Hey I had lunch there today. I even got to shake Bill Hambrecht's hand. An interesting company, the Web's investment banker.
Sounds like Andre and Andrea are going to have some Wiener Schnitzel sooon. Save me some!
Surprise: "A more aesthetic aspect of the cobblestones is the fact that one can create beautiful designs with them: Especially the Italians are masters of this art! If you ever have a chance just go and see their piazzas. They managed to create harmony and a real feeling for the space by arranging the cobblestones in ways which fit perfectly to the specific square."
Interesting! I spent a lot of time in Piazza della Republica in Firenze, what a place, so complex, and yet so open. But I never looked down at the cobblestones. Next time I will. And Mira gets it right, the cobblestones turned me into a total klutz. And she's also right that things in Europe are built to last, unlike in America. Especially in the technology industry. I wonder if moving to Europe would change that for technology.
What did you have for lunch?
Lunch: "I went home and put a Lean Cuisine Meatloaf with Mashed Potatoes in my own personal Chernobyl ($99.95 at Target), ate it, and then collapsed in a pile on my unmade bed. I was only going to sleep for 45 minutes, but wound up sleeping so deep that my clock radio was unable to wake me for more than a half hour past the time it went off."
Coughing up Sun's hairballs
Chris Kelly: Why 100% Pure Java is a Crock.

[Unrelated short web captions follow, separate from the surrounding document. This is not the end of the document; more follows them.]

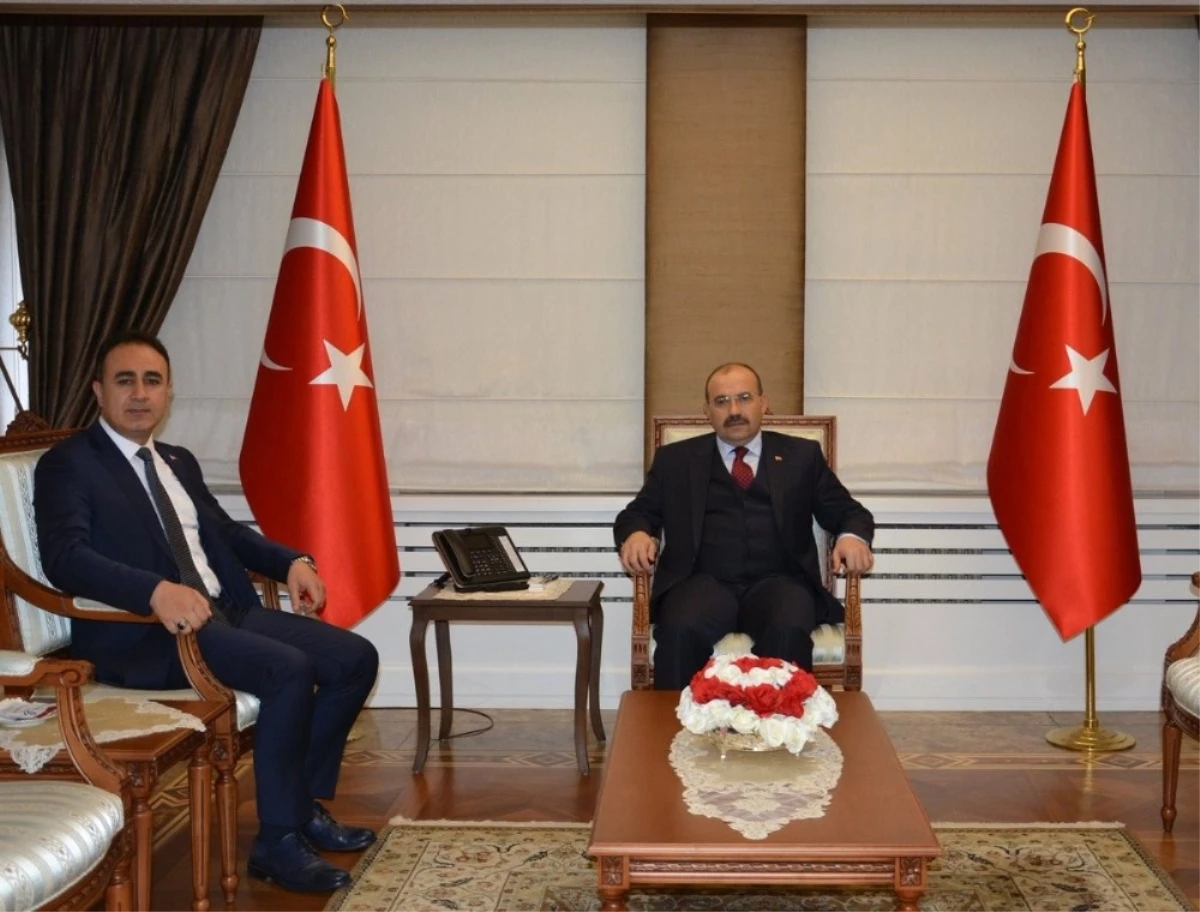 Trabzon Cumhuriyet Başsavcısı Tuncel\'den Trabzon Valisi Ustaoğlu\'na Hayırlı Olsun Ziyareti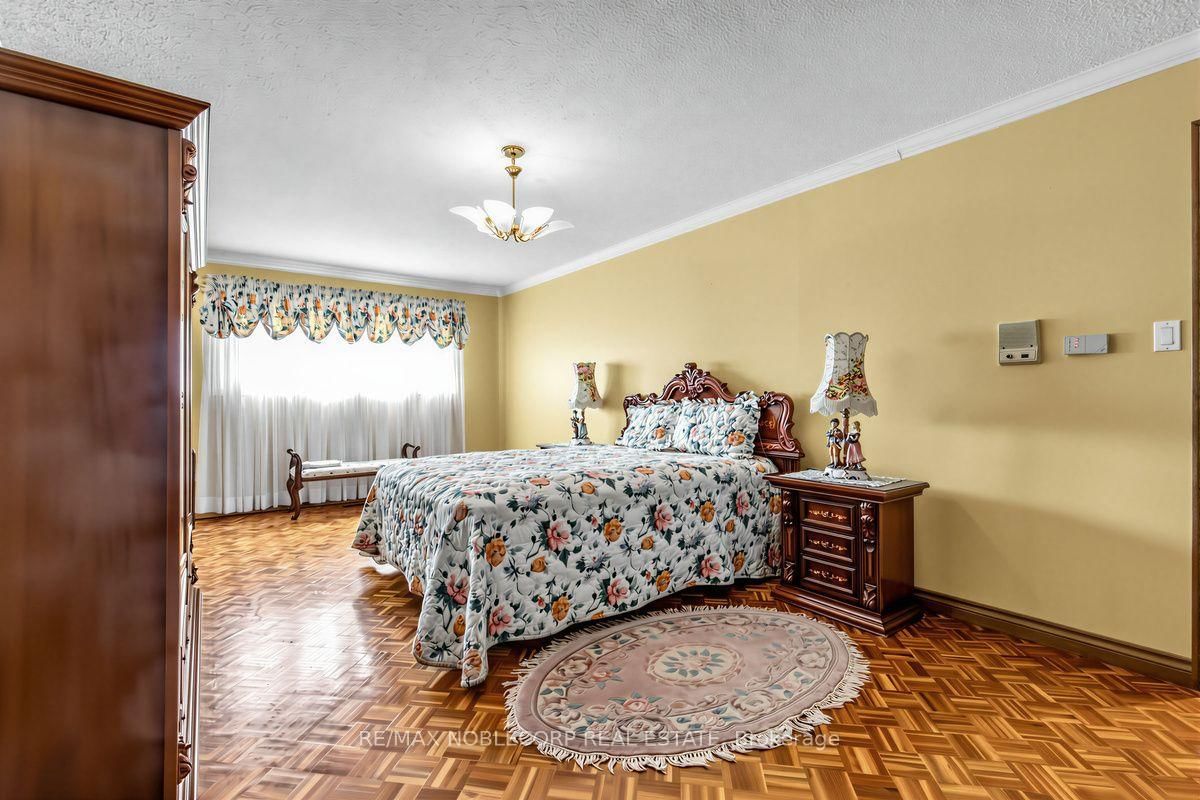 256 Airdrie Drive • Vaughan, ON photo 25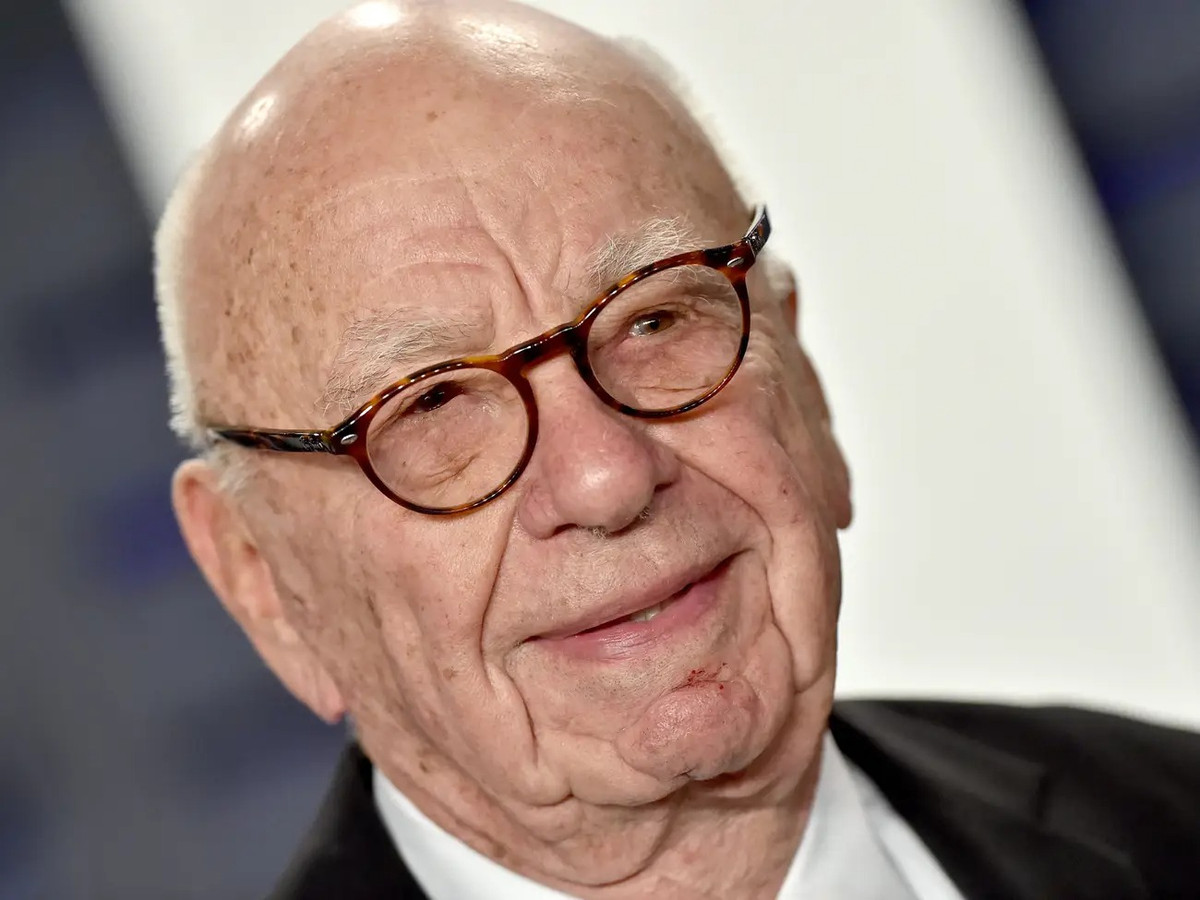 Tỷ phú Rupert Murdoch đứng đầu đế chế truyền thông News Corp gồm hàng loạt tờ báo lớn như The Wall Street Journal, kênh truyền hình Fox News... Ảnh: BI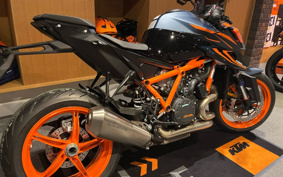 KTM 1290 SUPER DUKE R EVO V3940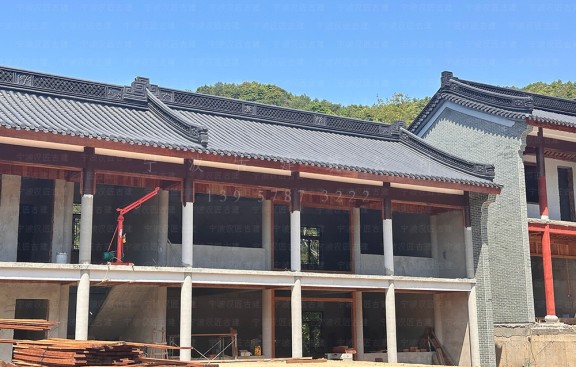 提供道观的平面图与鸟瞰图，总包装修装饰及方案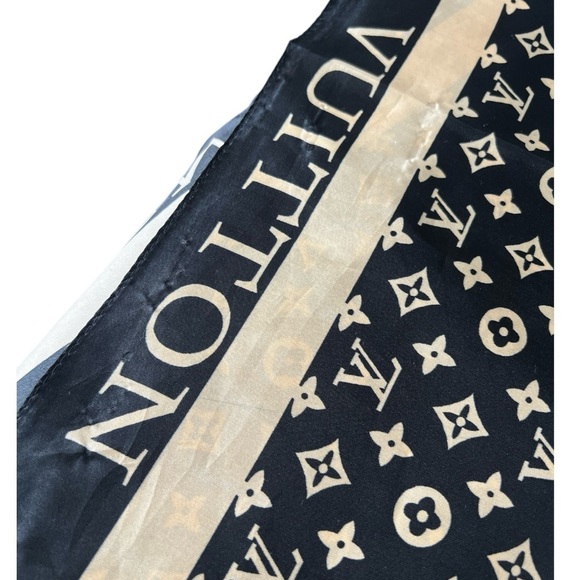 💎 Louis Vuitton Scarf - Picture 2 of 3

Great letters to the editor on InfoWorld today. "I've seen a lot of idiotic pontification in InfoWorld in the last 14 or so years (and some good stuff too, don't get me wrong), but I'll be damned if I can remember anything so ludicrous as Sun Chief Scientist Bill Joy's inane words in the May 22 issue." It gets better from there.
The AppleScript Weblog has a report on scripting support in Adobe Illustrator/Mac.
Last night I posted an overview of how Themes will work when they're available, hopefully by the end of the week.
Matthew Barger notes Adobe's revamped SVG site, and the need for a SVG-focused weblog. I agree. We should be covering and studying SVG as deeply as we're covering SOAP, for example.
News.Com: Virus bombards mobile phones. "The worm is propagated by computer and not via the telephone system. They also said the attack is relatively benign, as it does not destroy computer files but merely delivers a message disparaging the Spanish telephone company Telefonica."
Press release: Collab.Net Completes $35 Million Funding.
Jeff Walsh runs an online magazine called Oasis. "The site is now monthly, gets over 60,000 readers, and is the oldest and longest running site for queer and questioning youth online." They want to use Manila, and want to work with a hosting service that's low cost, and won't have a problem with their content. Jeff is a former InfoWorld reporter, he now does PR at Macromedia.
What are Endeavors?
WSJ: "Walker Digital’s dealings with the Senate Judiciary Committee have continued into this year. The company, apprehensive about further attacks on its patents, is setting up a Washington office and recently sought to hire one of Sen. Hatch’s top Judiciary aides. Mr. Walker is expected to meet with committee members and their staffs today during a visit to Washington."
Jake has a question for Mozilla gurus.
Wes Felter's site continues to rise on the charts.
Dilbert on Amazon: "I'm sure some whiners will say it's an obvious idea." Yes.
Jim Roepcke has lost 22 pounds! Go get em.